→ DIRECTIONS:
A faithful copy is needed of the lines below from the one with "Keltisches Triqueta oder" up to and including the one with "Preview: Tablett, Shiny, quadratisch, Lack"; set it down with no pictures and no other lines.

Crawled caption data
•••••
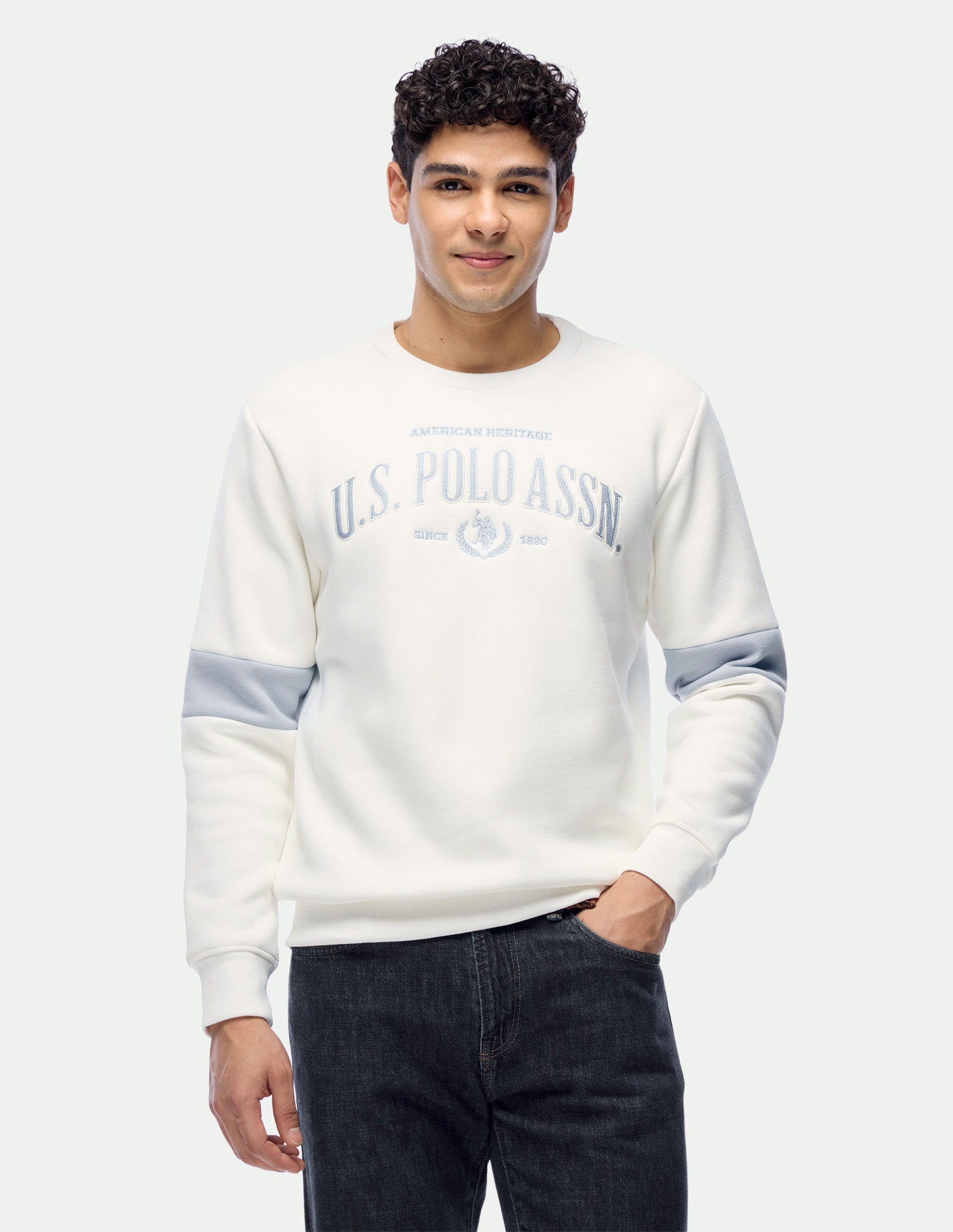 Brand Embroidered Slim Fit Sweatshirt Off White - U.S. Polo Assn. India | Large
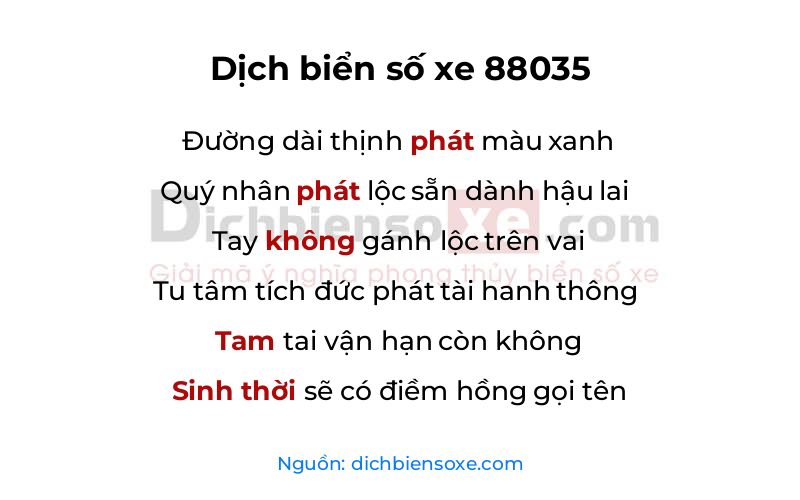 Dịch thơ biển số 88035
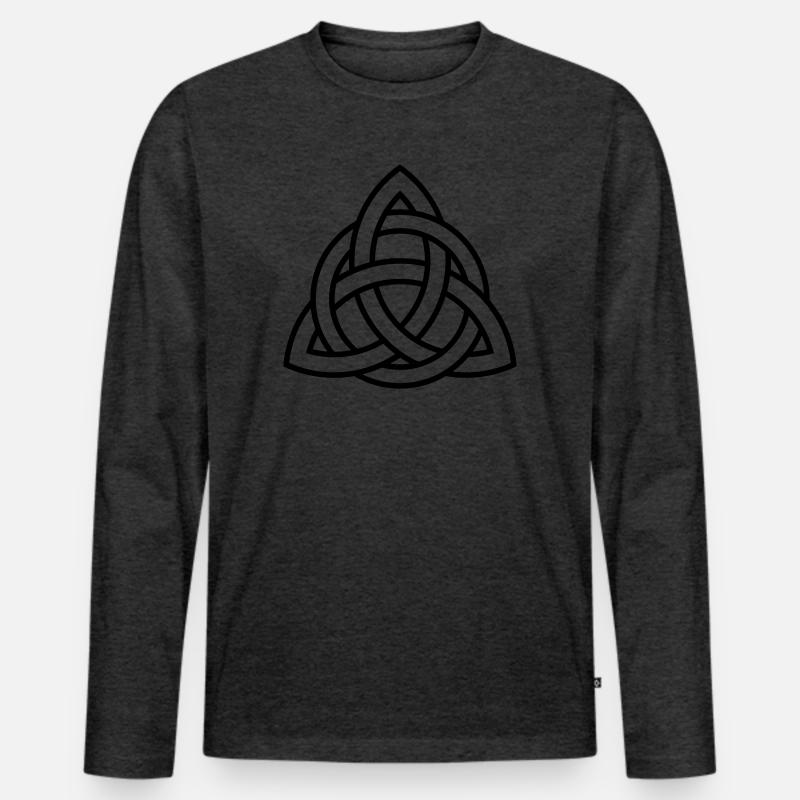 Keltisches Triqueta oder Triquetra-Symbol WEISS - Männer Premium Bio Langarmshirt - Anthrazit meliert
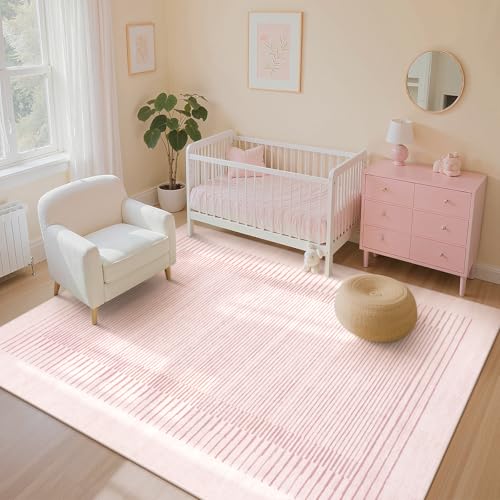 Tapete decorativo Rosa 5x7 pies Wonnitar lavable y antideslizante miniatura 2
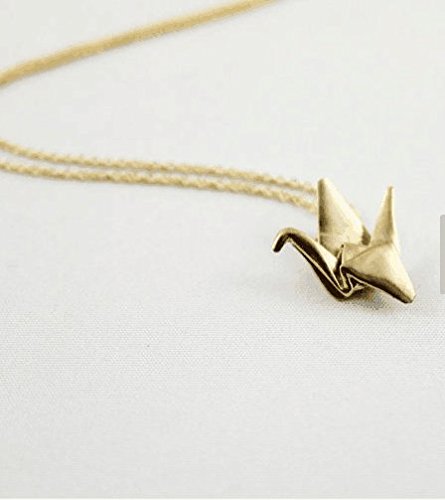 0612248130267 - 3D JEWELRY,ORIGAMI CRANE NECKLACE,ORIGAMI JEWELLERY,ORIGAMI PENDANT,FIRST ANNIVERSARY GIFT,GOLD ORIGAMI NECKLACE,PAPER ANNIVERSARY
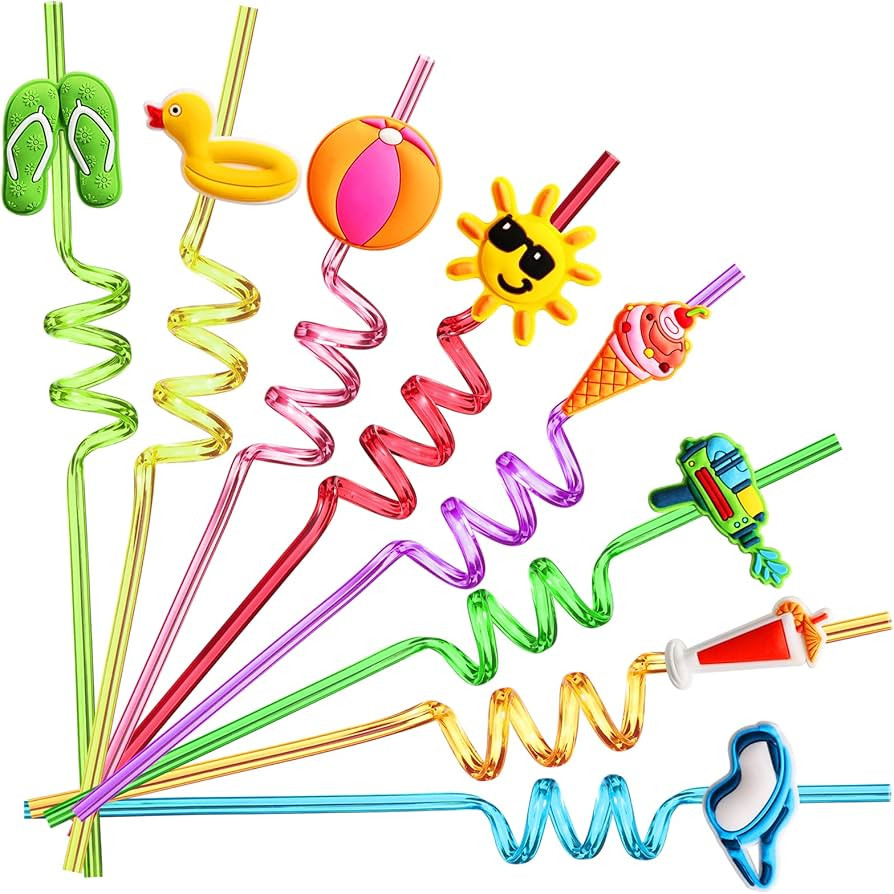24 Beach Drinking Crazy Silly Straws for Kids Beach Ball Pool Summer Birthday Party Supplies Favo... | Amazon (US)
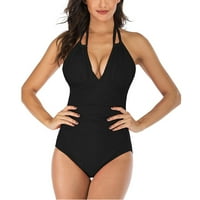 Jedan kupaći kostim za žene Jednodijelni V-izrez V-izrez Tankini MESH Ruched Monokini kupaći kostimi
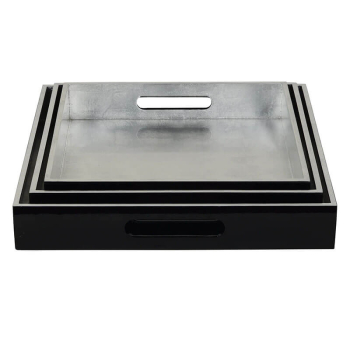 Preview: Tablett, Shiny, quadratisch, Lack schwarz Außen, innen Metallisch silber, 3 Größen, set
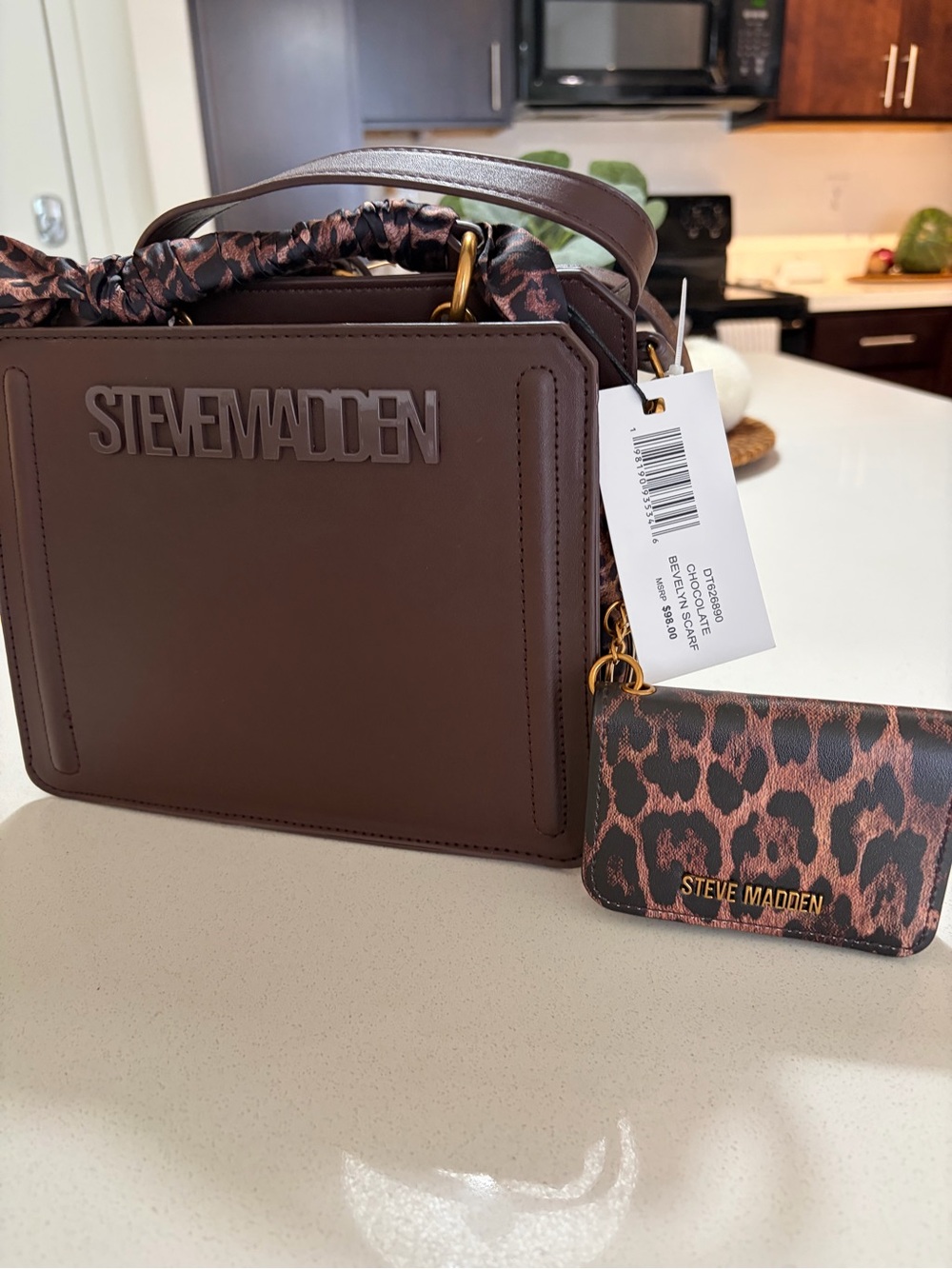 Steve Madden Brown Satchel with Leopard-Print Card Case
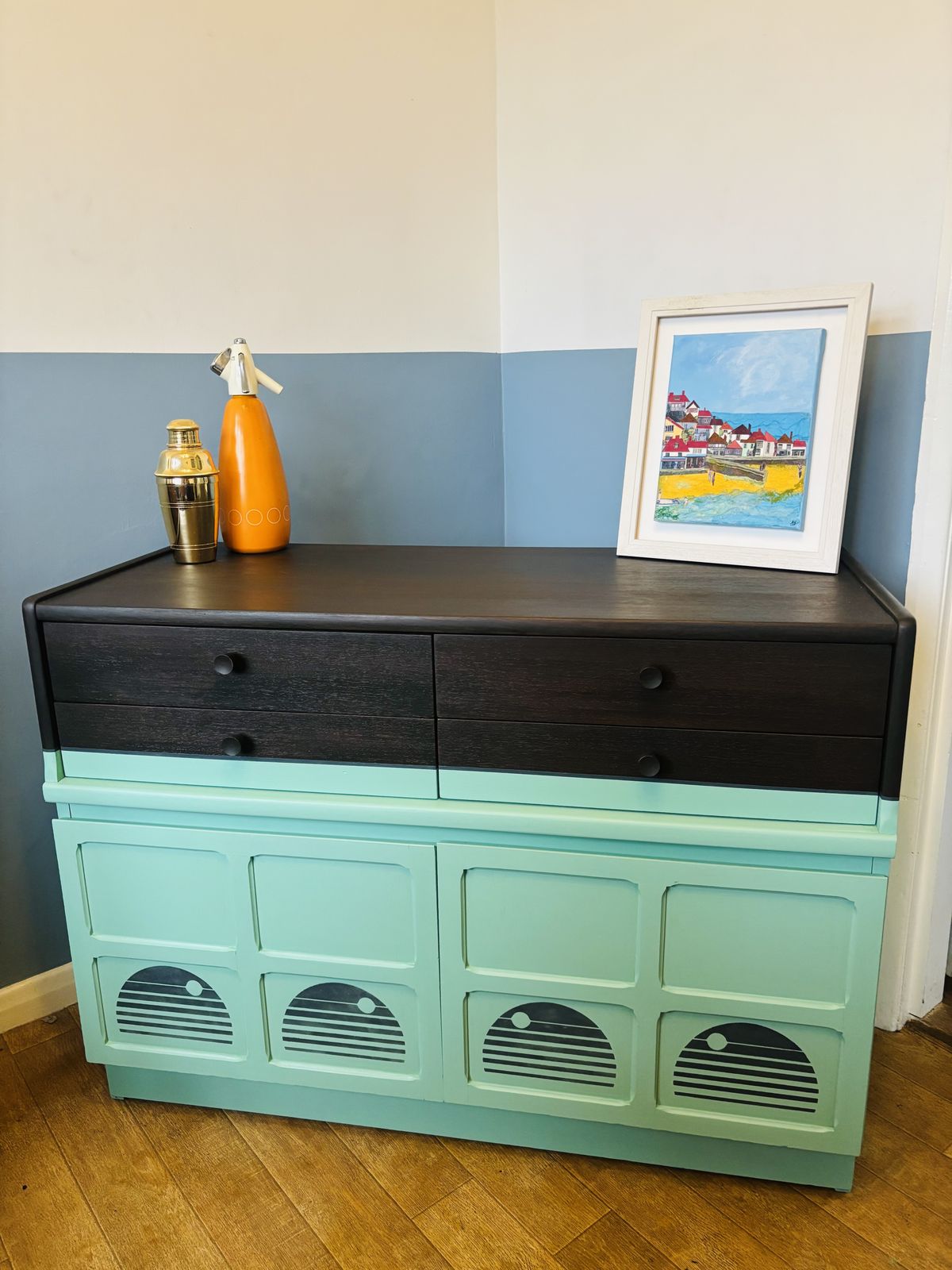 Vintage Nathan Squares Drinks Sideboard F&B Arsenic Green And Grain photo furniture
•••••
→ WRITTEN ANSWER:
 Keltisches Triqueta oder Triquetra-Symbol WEISS - Männer Premium Bio Langarmshirt - Anthrazit meliert
 Tapete decorativo Rosa 5x7 pies Wonnitar lavable y antideslizante miniatura 2
 0612248130267 - 3D JEWELRY,ORIGAMI CRANE NECKLACE,ORIGAMI JEWELLERY,ORIGAMI PENDANT,FIRST ANNIVERSARY GIFT,GOLD ORIGAMI NECKLACE,PAPER ANNIVERSARY
24 Beach Drinking Crazy Silly Straws for Kids Beach Ball Pool Summer Birthday Party Supplies Favo... | Amazon (US)
 Jedan kupaći kostim za žene Jednodijelni V-izrez V-izrez Tankini MESH Ruched Monokini kupaći kostimi
 Preview: Tablett, Shiny, quadratisch, Lack schwarz Außen, innen Metallisch silber, 3 Größen, set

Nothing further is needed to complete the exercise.